A quick nod to Irrfan Khan, Rahul Bose, Purab Kohli, Sanjay Suri, Harsh Chhaya and Sameer Soni who have essayed such characters. Rahul was in fact, one of the first ones to play a full-fledged gay character in the 1996 film Bomgay. There are several incidences, filmmakers can vouch for, when Bollywood stars on being approached for a gay role have blushed and turned visibly uncomfortable at the mention.   

50 shades of gay!

According to a source, Mere Dad Ki Maruti actor Saqib Saleem will be playing gay in Karan Johar’s segment of Bombay Talkies, as will Randeep Hooda. “It’s risky for a newbie, but the fact that he is willing to take it shows that things are not all that bleak in Bollywood,” says the source.

Purab, who had played a gay character in My Brother Nikhil, explains why playing such characters is not without risk. “Post the film, I got many roles on the same lines, so there is a fear of getting typecast. That my character was gay was incidental for me. The film was about relationships and emotions, so big deal if my partner was a man. Besides, Onir had a script that told a story, which is what attracts any actor. There was a respectability that came with the role. I didn’t have anyone mocking me or relating that to my real life at all.”

Changing times
Madhur Bhandarkar, whose films Page 3 and Fashion had broken away from the stereotypical images of gays, says that there’s a gradual change in the way such characters are being accepted in films.

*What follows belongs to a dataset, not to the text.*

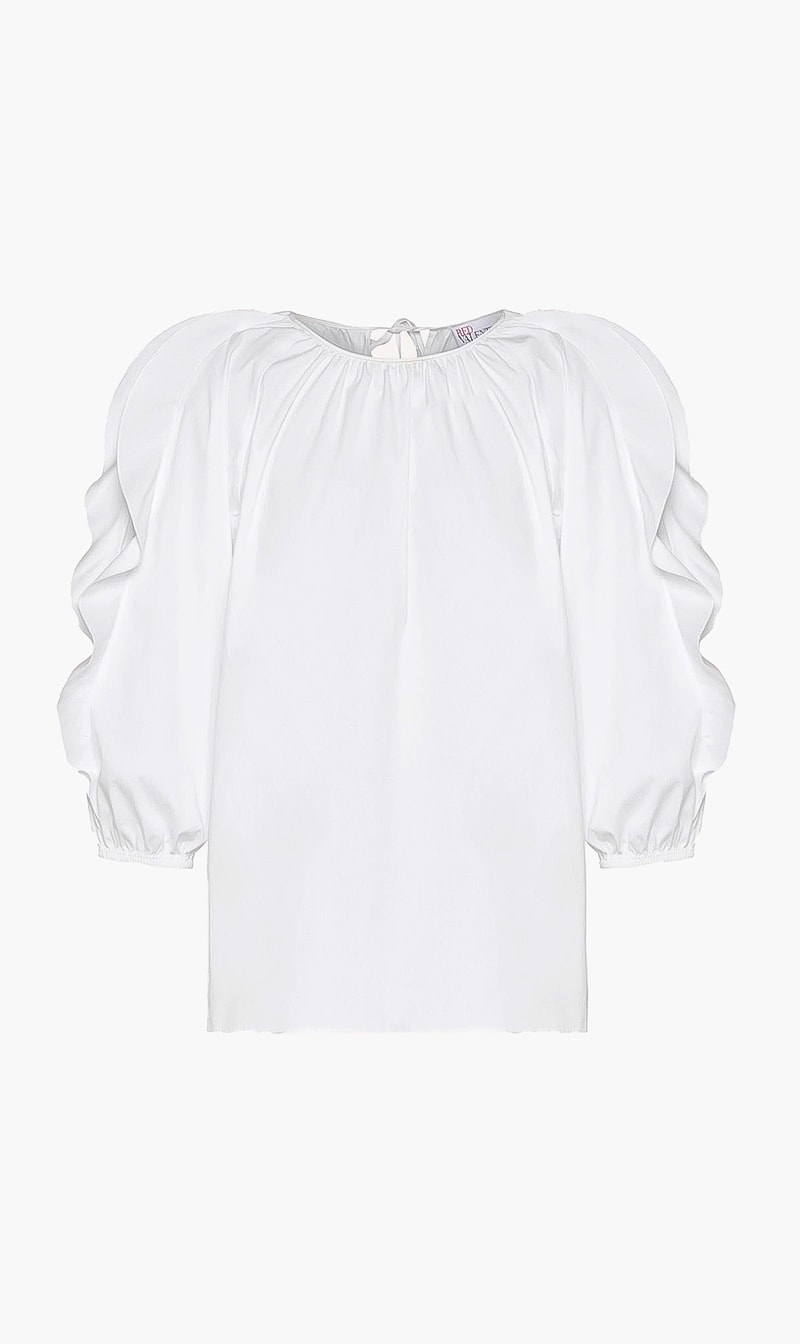

Red Valentino Ruffle Cut Sleeves Top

Citing examples of Honeymoon Travels Pvt Ltd and Life in a Metro, he adds that there are filmmakers who tackle the topic realistically without sensationalising it or reducing characters to caricatures, even though they stick to mainstream commercial formats. Madhur says, “Today seeing such characters in our films doesn’t raise eyebrows. And even if the depiction is debatable at least the presence is felt. So I look at this as a positive sign. The change will not be overnight, but at least people are acknowledging it. So, I think it’s a scenario changing for the better.”